Restate word for word the lines of the records below, starting at the line that contains "Valentina's - Arancini" and ending at the line that contains "unfurnished living room", with both of those lines included and nothing else.

┌────────

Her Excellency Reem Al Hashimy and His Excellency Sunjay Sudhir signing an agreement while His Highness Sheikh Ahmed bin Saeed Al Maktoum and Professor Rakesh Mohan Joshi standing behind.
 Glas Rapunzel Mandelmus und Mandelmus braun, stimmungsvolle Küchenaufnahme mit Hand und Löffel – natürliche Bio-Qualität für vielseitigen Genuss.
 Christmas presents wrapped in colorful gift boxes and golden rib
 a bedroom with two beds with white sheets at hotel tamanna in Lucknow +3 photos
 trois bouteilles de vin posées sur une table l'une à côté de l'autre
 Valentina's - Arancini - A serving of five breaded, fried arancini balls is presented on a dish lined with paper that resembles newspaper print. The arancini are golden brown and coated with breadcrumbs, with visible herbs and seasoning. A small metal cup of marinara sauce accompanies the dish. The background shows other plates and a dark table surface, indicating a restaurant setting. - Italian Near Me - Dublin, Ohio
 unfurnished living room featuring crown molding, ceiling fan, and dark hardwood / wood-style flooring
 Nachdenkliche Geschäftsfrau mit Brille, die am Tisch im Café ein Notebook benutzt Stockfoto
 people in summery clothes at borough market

└────────

» Task output:
 Valentina's - Arancini - A serving of five breaded, fried arancini balls is presented on a dish lined with paper that resembles newspaper print. The arancini are golden brown and coated with breadcrumbs, with visible herbs and seasoning. A small metal cup of marinara sauce accompanies the dish. The background shows other plates and a dark table surface, indicating a restaurant setting. - Italian Near Me - Dublin, Ohio
 unfurnished living room featuring crown molding, ceiling fan, and dark hardwood / wood-style flooring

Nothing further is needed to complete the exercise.